The yoga was definitely instrumental in that process, but the experience of India itself, and the slash-and-burn method in which I'd closed up shop on my Western life and identity, were also key.
As a result of that process, at a certain point during my stay in Mysore, probably the three-month mark, with the vehemence and burning clarity of someone in the throes of culture shock as well as dealing with the process of the yoga, I thought, "Fuck it."
What I was experiencing was for me, and was not something I wanted on the Internet with the tens and hundreds of other Mysore blogs floating in e-space.
I got back from India mid-September. It's taken more than four months for the cabin pressure to equalize inside and out, for me to settle down and develop somewhat of a life. For Christ's sake, I've even gone out and purchased a mattress! A mattress is some hardcore roots.
I've decided I want to continue posting because there are friends out there with whom I wish to communicate more than the usual daily pleasantries. And of course, Mom deserves something more to read from her son than terse telegram-style e-mails.
To end, let me sum up my advice about Mysore: Go.
Cobble the money together, demand time off work, buy a ticket for you and your kids---they'll be fine---and just fucking go.
It's cheaper than you think, it's more fun than you expect, and if you let it, it'll be more profound than you imagine.
It will be hard to let go, I know. You'll ask a million questions and try to have every picosecond of your trip reserved, planned, and secured, but trust me on this: let go of it all, get your ticket, and go.

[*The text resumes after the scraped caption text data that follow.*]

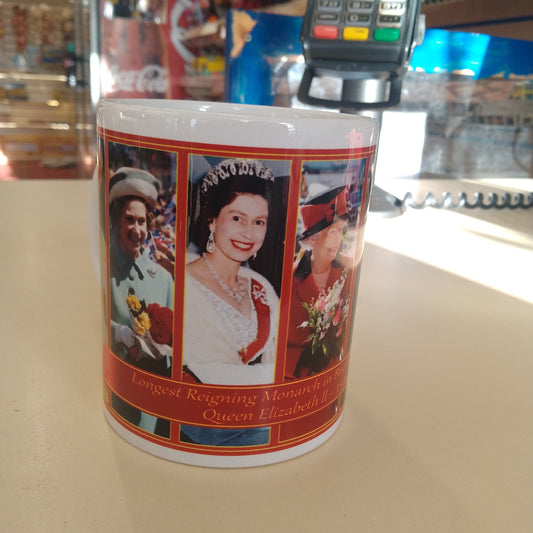 Queen mug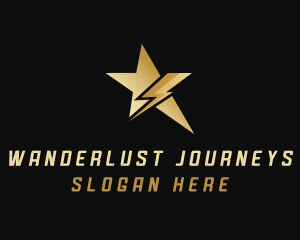 Lightning Star Media logo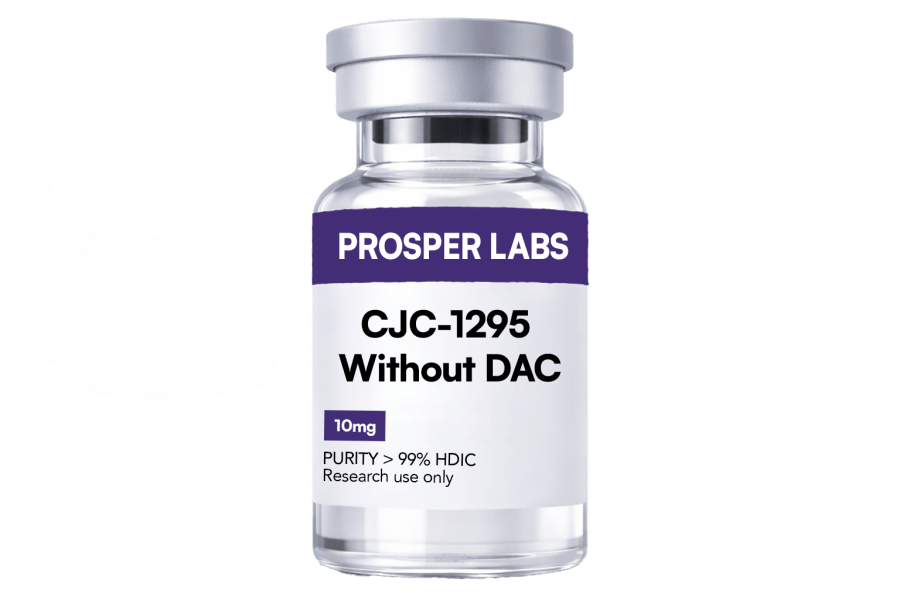 CJC-1295 Without DAC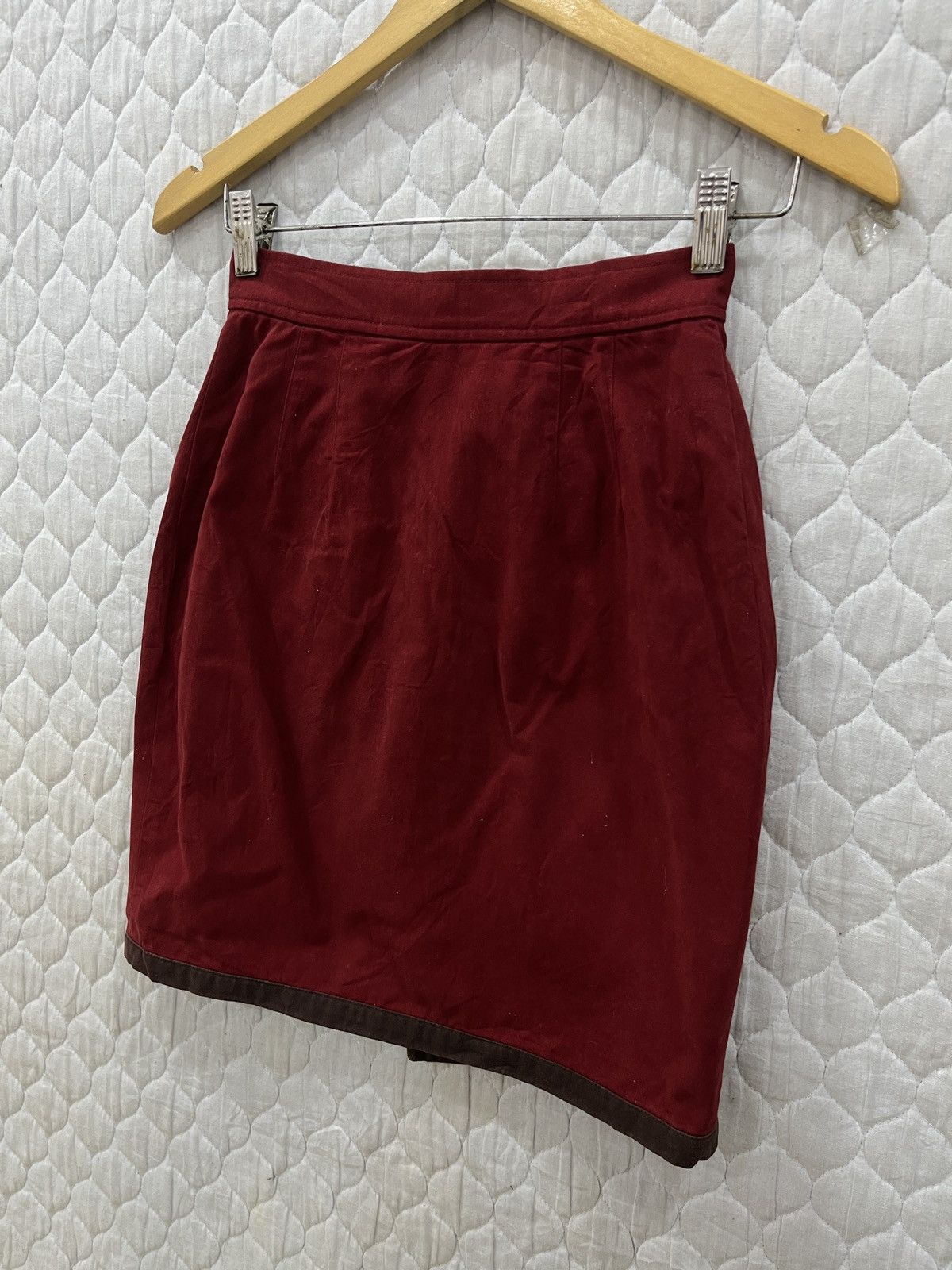Moschino (Ggg). MOSCHINO MULTI POCKET HYPEBEAST SKIRT Size 24" / US 00 / IT 34 - 6 Thumbnail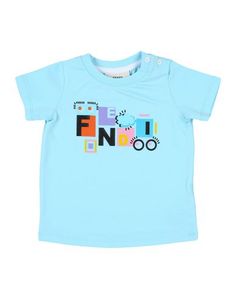 Футболка Fendi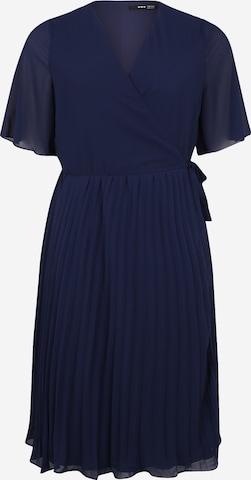 Robe 'Belo' TFNC Plus en bleu : devant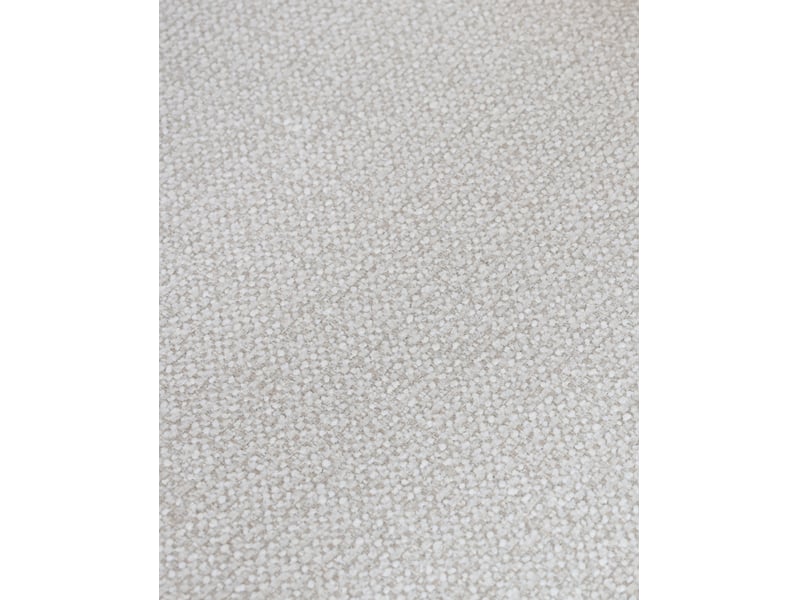  Lot de 2 chaises de salle à manger 53,5 x 58 x 74,5 cm – naturel et blanc cassé – accoudoirs intégrés  - Conforama B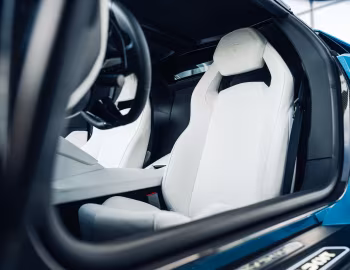 Interior Lamborghini Aventador LP 780-4 Ultimae Miura Roadster (LB834) '09.2022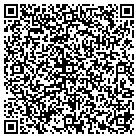 QR code with Macino's Of Oscadoa & Ausable contacts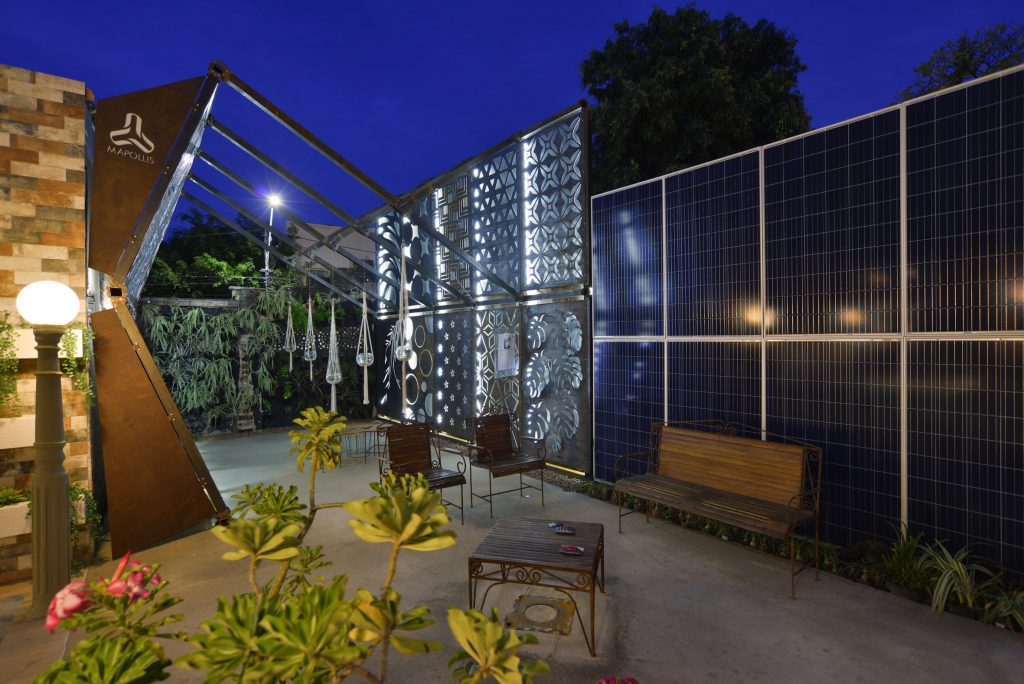Foto: Estras Guimarães - Lounge Luz - Casa Cor CE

Don't worry about hotel reservations, sitar lessons, or how you'll maintain your sugar-free, raw food diet. It'll all work out once you're there.
And if I may add a post-script on this:
To the garish, worrisome woman I practiced next to last Saturday, the one freshly returned from a month trip to India: Mysore is not at all like Southern California. This is something you would have discovered had you visited there.
Mysore, population (roughly): 500,000.
Maximum number of AYRI students at any one time: let's be generous and say 250.
I don't know. You figure it out. Mysore is definitely India, man.